__Required work__. An exact restatement of the entire listing is needed, excluding all images.

____________

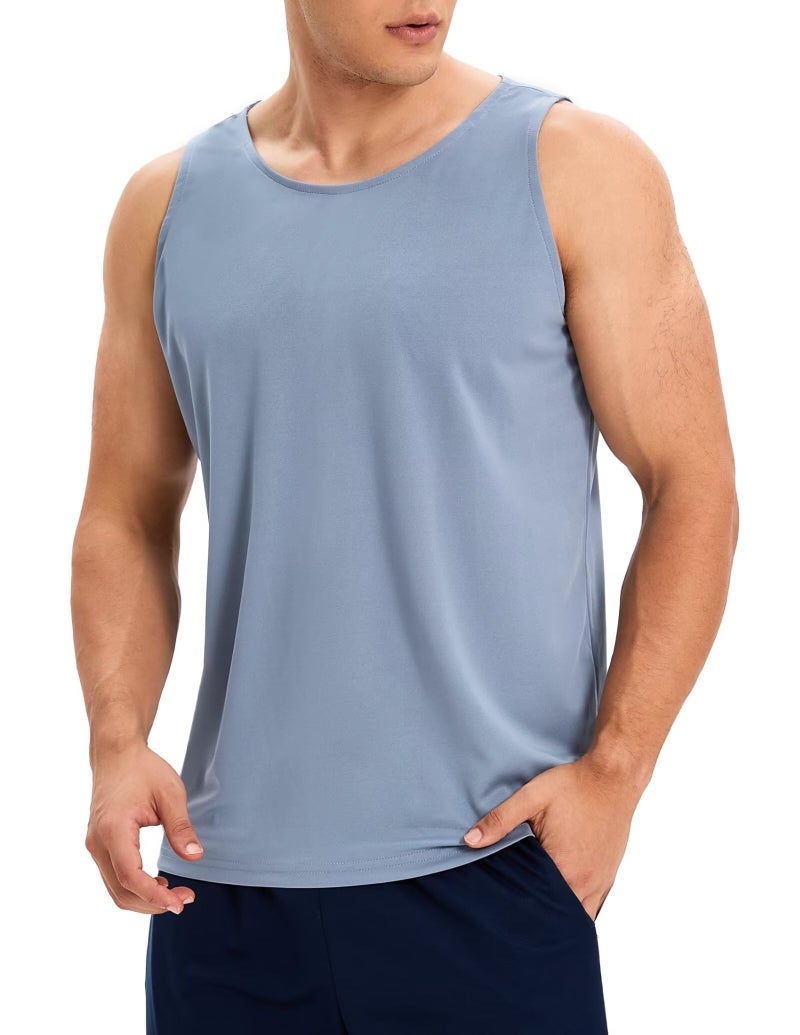 OYGSieg 6 Pack Men's Quick Dry Workout Tank Tops Breathable Gym Sleeveless Muscle Shirts for Active Men SetB L - Image 5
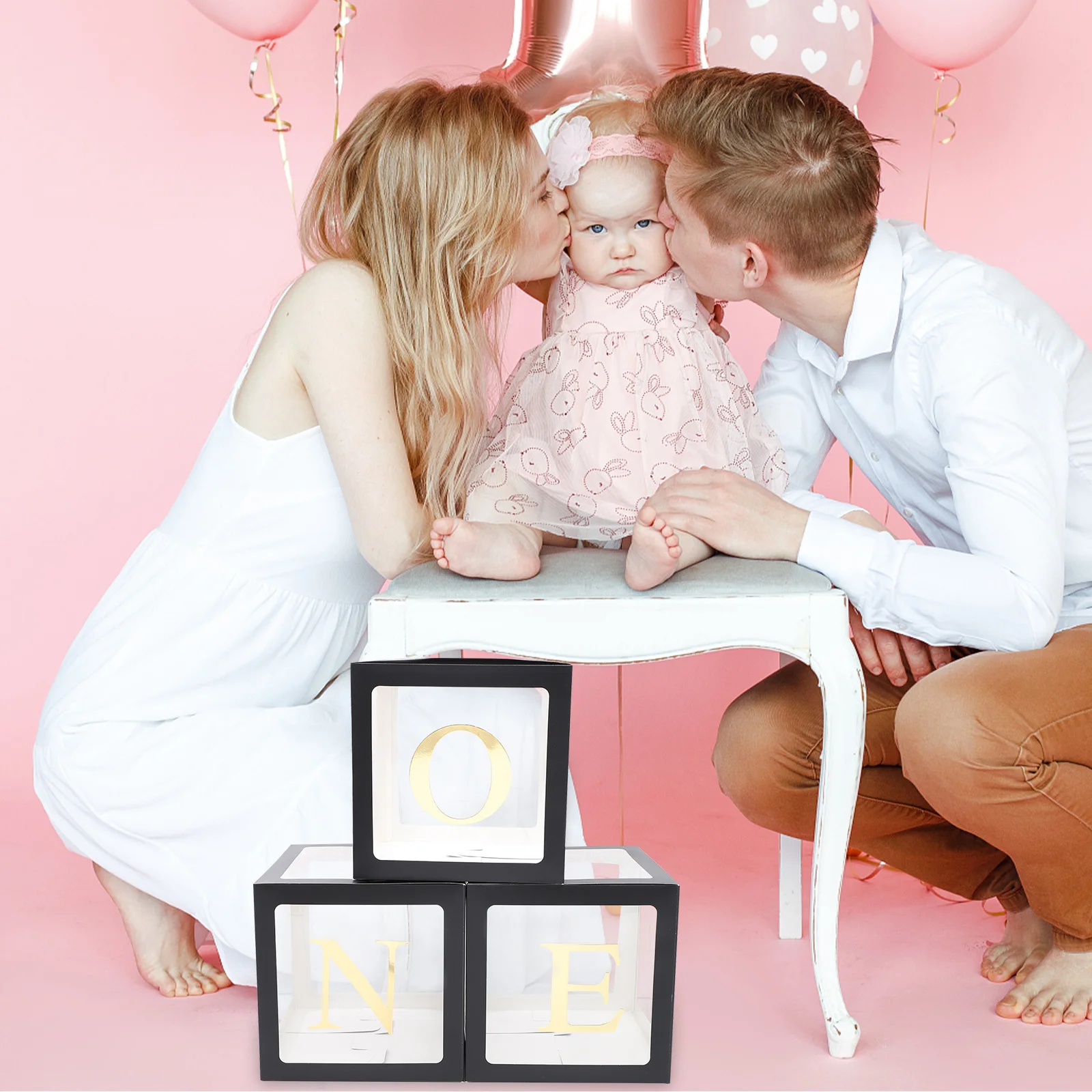 

1Set Paper Material One Balloon Boxes Safe First Birthday Decoration Blocks for 1st Birthday Anniversary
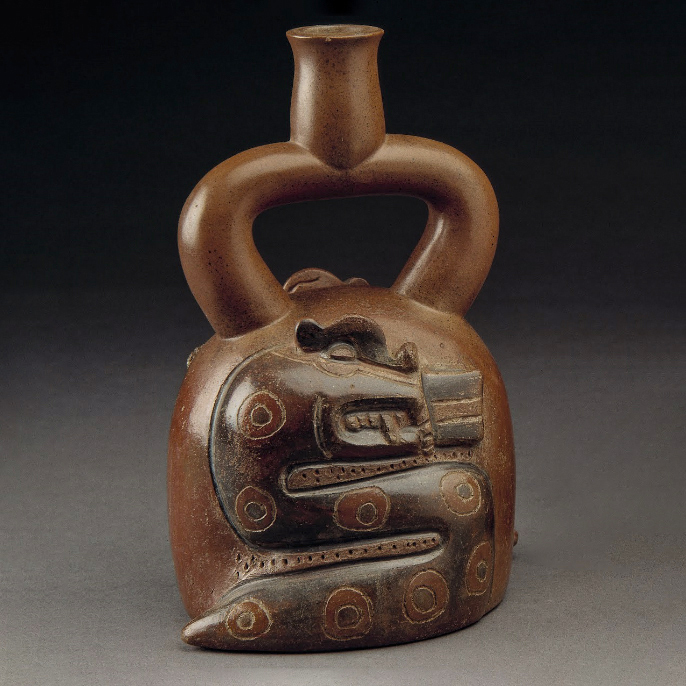 Керамический сосуд, с изображениями змей. 1250-0 гг. до н.э., Куписнике. Museo Larco, Lima, Peru.
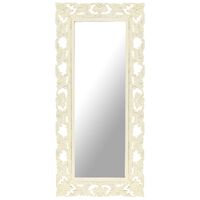 vidaXL, käsitsi nikerdatud peegel, valge, 110 x 50 cm, mangopuit
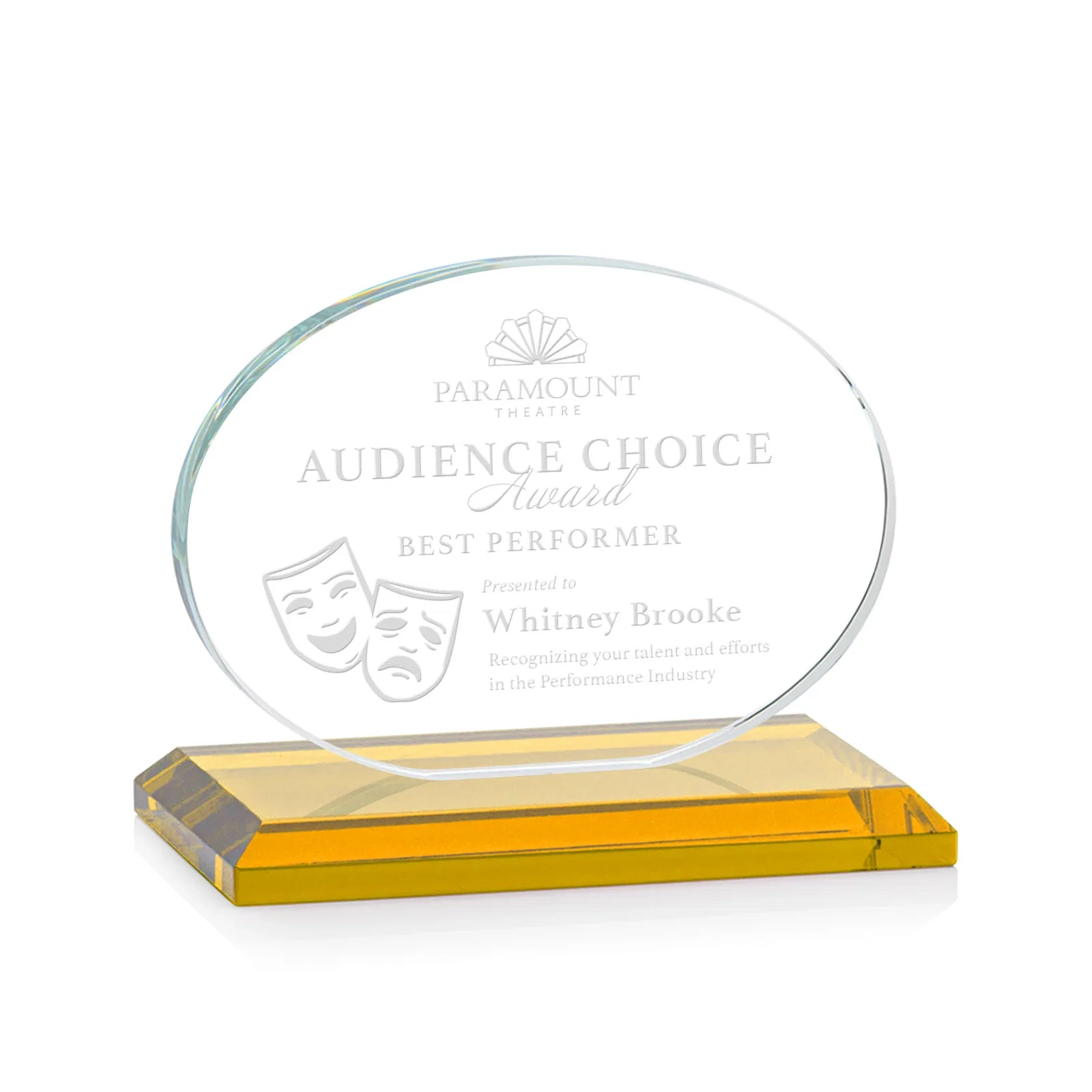 Custom Starfire Crystal Oval Award on Beveled Base, Horizontal or Vertical, awards for donor appreciation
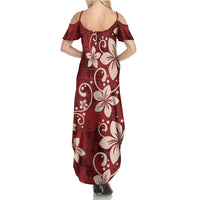 Plumeria Floral Tapa Pattern Oxblood Red Summer Maxi Dress LT01 - Polynesian Pride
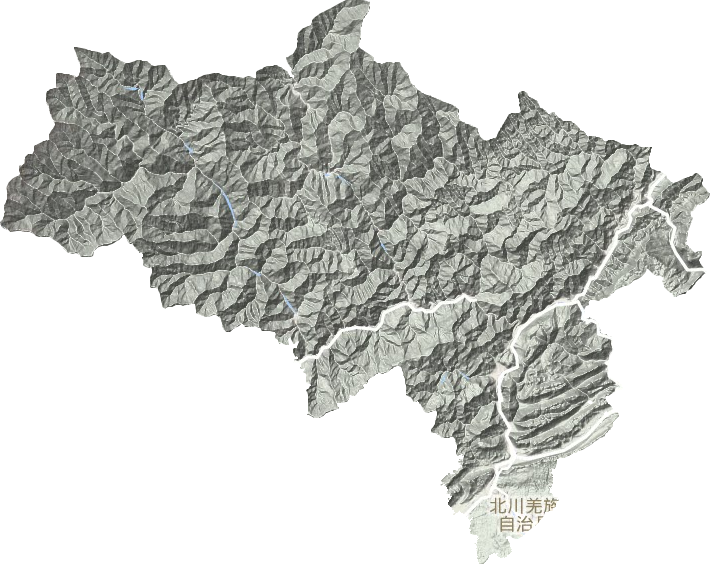 北川羌族自治縣地形圖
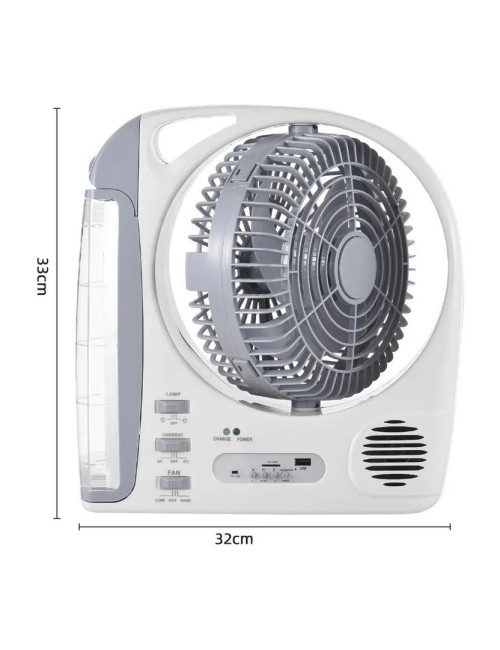 Ventilador Recargable Solar 8 Pulgadas Bluetooth Gd-8028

____________

__Answer to the problem__.
 OYGSieg 6 Pack Men's Quick Dry Workout Tank Tops Breathable Gym Sleeveless Muscle Shirts for Active Men SetB L - Image 5

1Set Paper Material One Balloon Boxes Safe First Birthday Decoration Blocks for 1st Birthday Anniversary
 Керамический сосуд, с изображениями змей. 1250-0 гг. до н.э., Куписнике. Museo Larco, Lima, Peru.
 vidaXL, käsitsi nikerdatud peegel, valge, 110 x 50 cm, mangopuit
 Custom Starfire Crystal Oval Award on Beveled Base, Horizontal or Vertical, awards for donor appreciation
 Plumeria Floral Tapa Pattern Oxblood Red Summer Maxi Dress LT01 - Polynesian Pride
 北川羌族自治縣地形圖
 Ventilador Recargable Solar 8 Pulgadas Bluetooth Gd-8028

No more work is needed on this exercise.